Fleet looked forlorn. “My daughter Sarah Ann and my son-in-law are missing. And a lot of money.”

I noticed he didn’t refer to his son-in-law by name or as Sarah Ann’s husband.

“How much money?”

“Nearly three million dollars.” He sat down on the couch and took a deep breath.

“How could they get their hands on that much money?”

Fleet looked me right in the eye and began to lay it out.

“Sarah Ann met Ronnie on a cruise—Ronald Fitzgerald Fairchild, of Greenwich, Connecticut. I didn’t like him when I heard the name, but she was in love and they had this whirlwind courtship and ran off and got married. I thought he was a fortune hunter so I had him checked out. Plenty of money in the family and he always seemed to have plenty of money, so I didn’t think it was money he was after. Maybe he loved her, but they just didn’t seem to fit as a couple. Ronnie is a real handsome devil, I have to admit, and glib. Could charm the spots off a leopard. Sarah Ann is attractive enough but not in his league in the looks department. There was just something about him I didn’t trust, but after a year or so the marriage seemed to be working so I offered to bring him into the business and he accepted.” Fleet was rambling a bit and I just let him ramble.

Roy arrived with two beers in large pilsner glasses and set them on the coffee table.

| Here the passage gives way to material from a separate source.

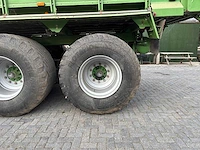 2013 krone zx 450 gd opraapwagen - afbeelding 18 van  52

Fleet nodded. Roy left without a word.

“They have been married almost five years and Ronnie has done a good job in the business. With his charm and looks, he is a natural-born salesman. I was beginning to think I was wrong about him.”

“Did you ever meet his family?”

“No. Ronnie said they weren’t speaking. According to him, he was the black sheep of the family. I didn’t have much desire to meet some snobs from Greenwich, Connecticut, anyway.”

I smiled inwardly. Fleet was good-ole-boy rich. A son of a bootlegger, he had gone to college, taken the family spoils, and built an empire. Fleet had polished his act, but the rough edges were still there. Hiring Roy Husky certainly fit. He would have little use for the Fairchilds of the world.

“Could anyone else have taken the money?” I asked.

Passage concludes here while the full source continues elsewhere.